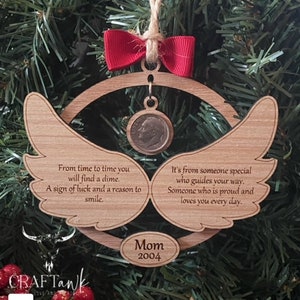 Könnte beinhalten: Holzengel-Anhänger mit einem Zehn-Cent-Stück, das daran hängt. Der Anhänger hat den Text "From time to time you will find a dime. A sign of luck and a reason to smile." und "It's from someone special who guides your way. Someone who is proud and loves you every day." Der Anhänger hat auch den Text "Mom 2004".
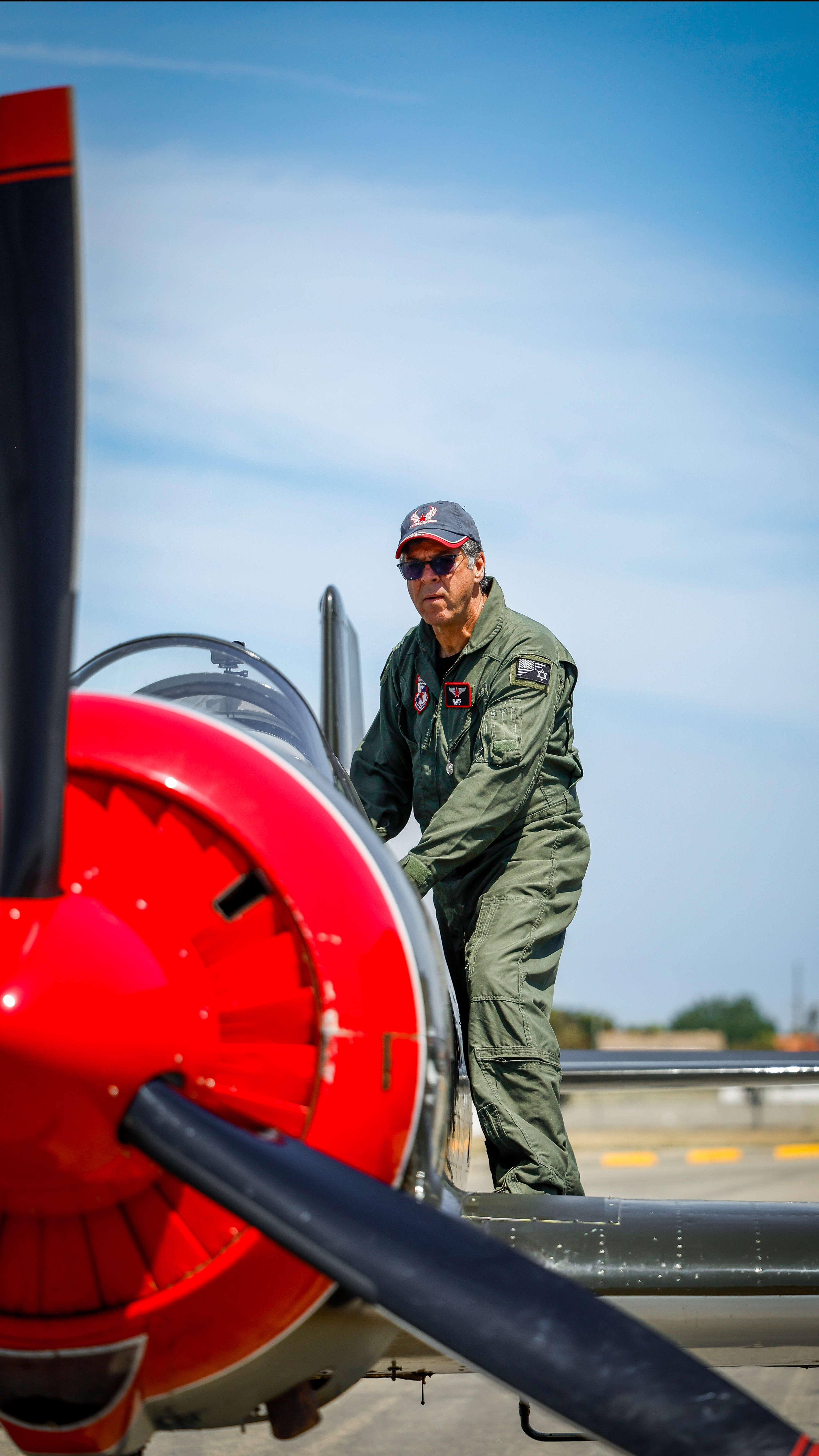 Pilot Gil Lipaz stands on the wing of his Nanchang CJ–6.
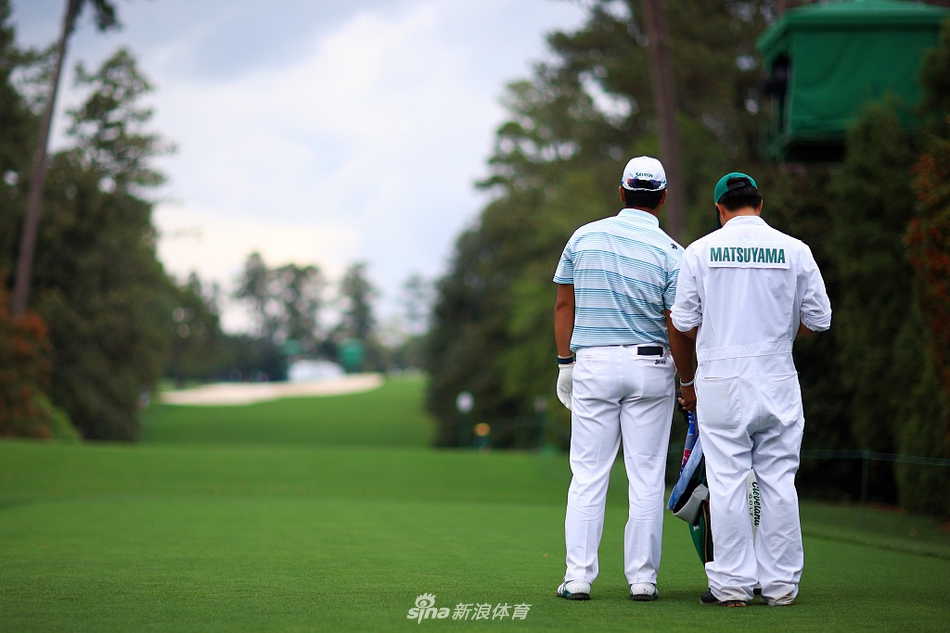 科里·康纳斯在某一洞果岭边凝视线路，阳光勾勒出他专注的侧影，展现了大赛中球员面对关键一击时的凝神静思。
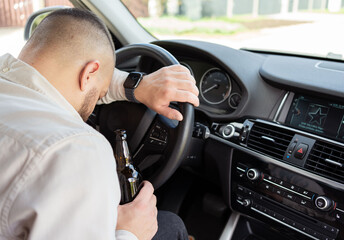 Man drinking alcohol while driving a car. Don't drink and drive concept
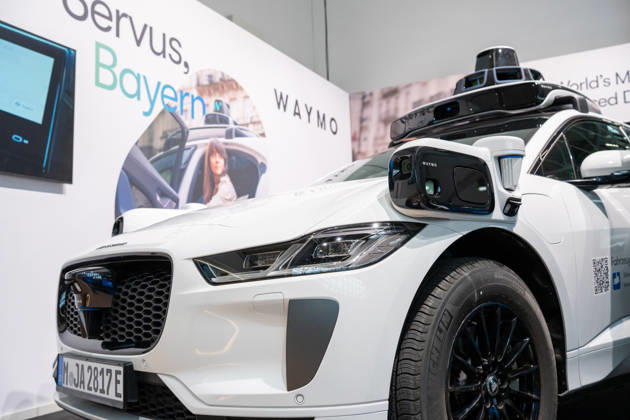 Munich, Bavaria, Germany October 23, 2026: The 2026 convention of the CSU (Christian Social Union) party at the Munich Trade Fair Center. Background image: a close-up of a white Jaguar I-PACE equipped with autonomous driving technology from the U.S. company Waymo. The electric vehicle is equipped with cameras, LiDAR, and radar sensors for AI-assisted detection of its surroundings and is designed for use as a self-driving robotaxi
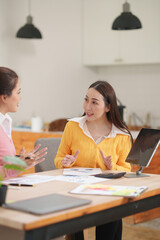Asian businesswoman sitting at work using laptop talking and consulting in office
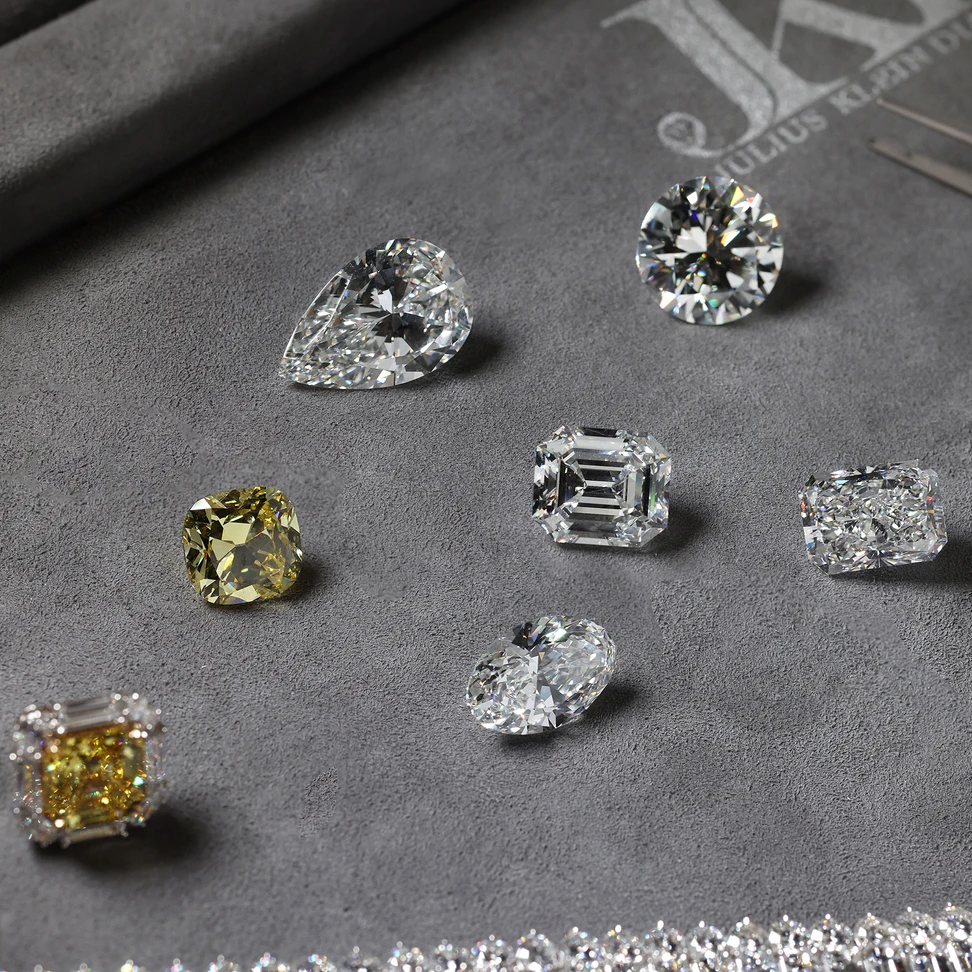 <p>Loose 10-15 carat diamonds and a superb pair of matching Vivid Yellow square emerald cut diamond earrings</p>
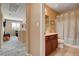 Upstairs bathroom with tile floors and shower at 2544 Sable Ridge St, Henderson, NV 89044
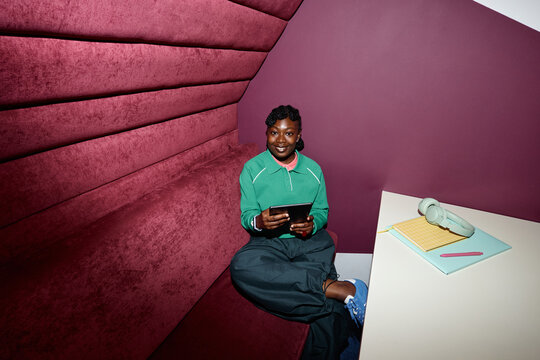 Portrait of young African American woman smiling while holding digital tablet in modern coworking office booth. Ideal for corporate branding, mobile technology, and remote work marketing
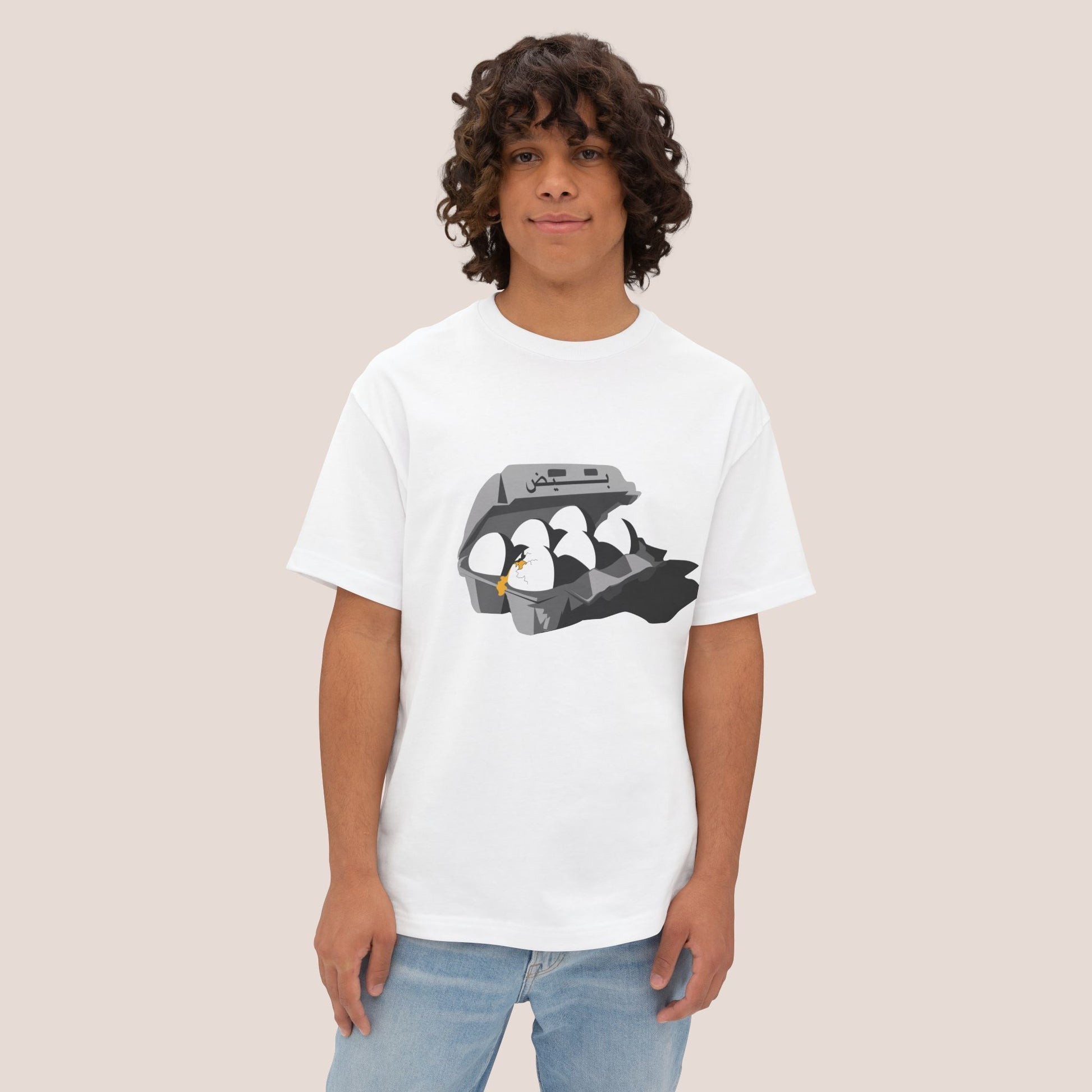 Person wearing a white t-shirt with a graphic design on a plain background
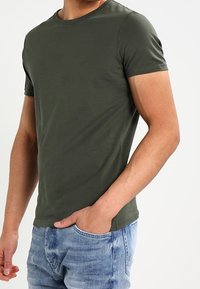 Muž oblečený v těsném olivově zeleném tričku s krátkým rukávem a světlých denimových jeansách, s jednou rukou v kapse, na neutrálním pozadí.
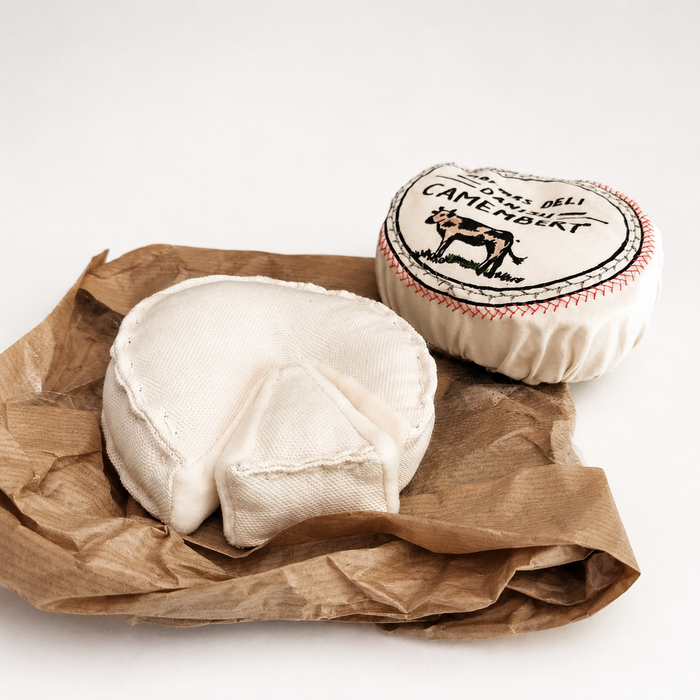 Handmade textile camembert cheese toy with removable printed cover and soft cheese wedge, displayed on brown paper as pretend play food.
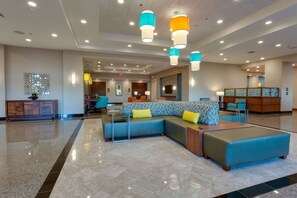 A spacious lobby with a sectional sofa, a wooden cabinet, and a television mounted on the wall. - Drury Inn & Suites Gainesville (Gainesville)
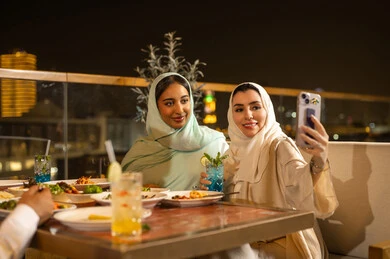 Arab Women Taking Selfie at Rooftop Restaurant Night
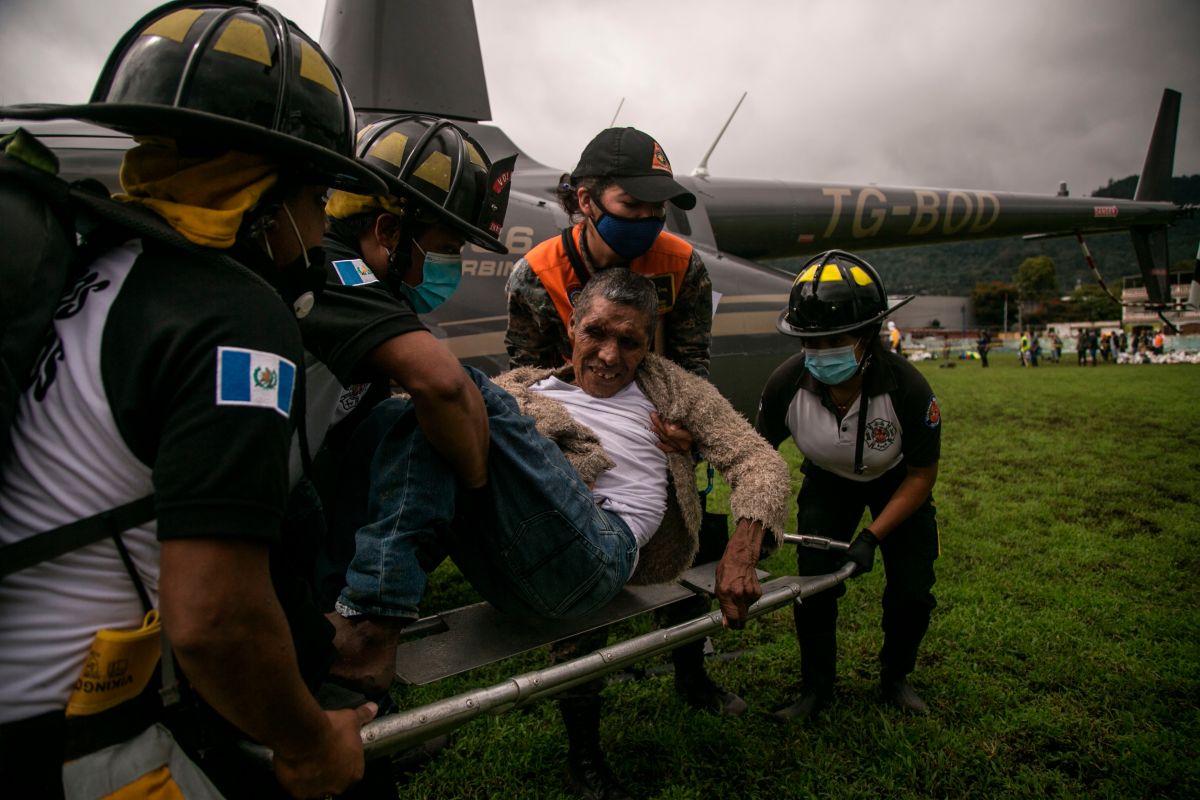 Socorristas rescatn a un herido la zona del desastre donde se estima que decenas de personas murieron por un alúd en la aldea Quejá, del departamento de Alta Verapaz.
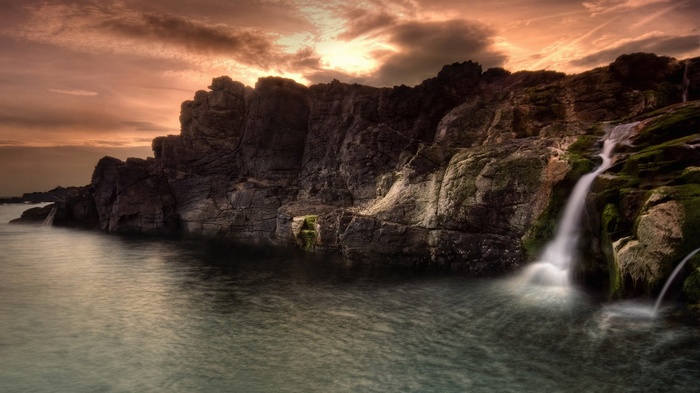 Waterfall cascading over mossy rocks into the sea at sunset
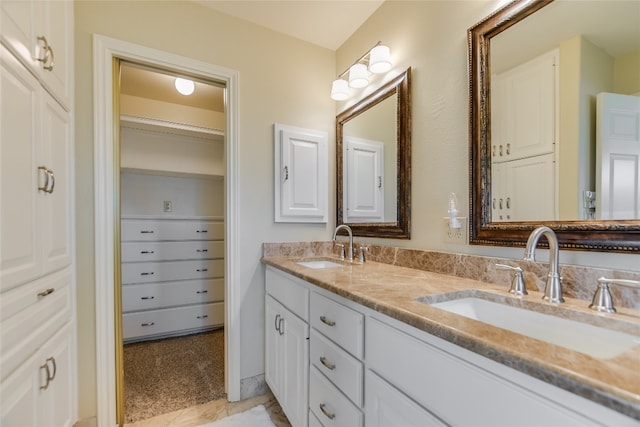 100 Boot Hl, Horseshoe Bay, TX 78657 - bathroom featuring double vanity, a closet, and a sink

○ ○ ○

## Aim of the exercise
Give back an exact copy of only the lines from the one with "Upstairs bathroom with" through the final line of the material, both included. Pictures do not belong in it.

## Solution for this task
 Upstairs bathroom with tile floors and shower at 2544 Sable Ridge St, Henderson, NV 89044
 Portrait of young African American woman smiling while holding digital tablet in modern coworking office booth. Ideal for corporate branding, mobile technology, and remote work marketing
 Person wearing a white t-shirt with a graphic design on a plain background
 Muž oblečený v těsném olivově zeleném tričku s krátkým rukávem a světlých denimových jeansách, s jednou rukou v kapse, na neutrálním pozadí.
 Handmade textile camembert cheese toy with removable printed cover and soft cheese wedge, displayed on brown paper as pretend play food.
 A spacious lobby with a sectional sofa, a wooden cabinet, and a television mounted on the wall. - Drury Inn & Suites Gainesville (Gainesville)
 Arab Women Taking Selfie at Rooftop Restaurant Night
 Socorristas rescatn a un herido la zona del desastre donde se estima que decenas de personas murieron por un alúd en la aldea Quejá, del departamento de Alta Verapaz.
 Waterfall cascading over mossy rocks into the sea at sunset
 100 Boot Hl, Horseshoe Bay, TX 78657 - bathroom featuring double vanity, a closet, and a sink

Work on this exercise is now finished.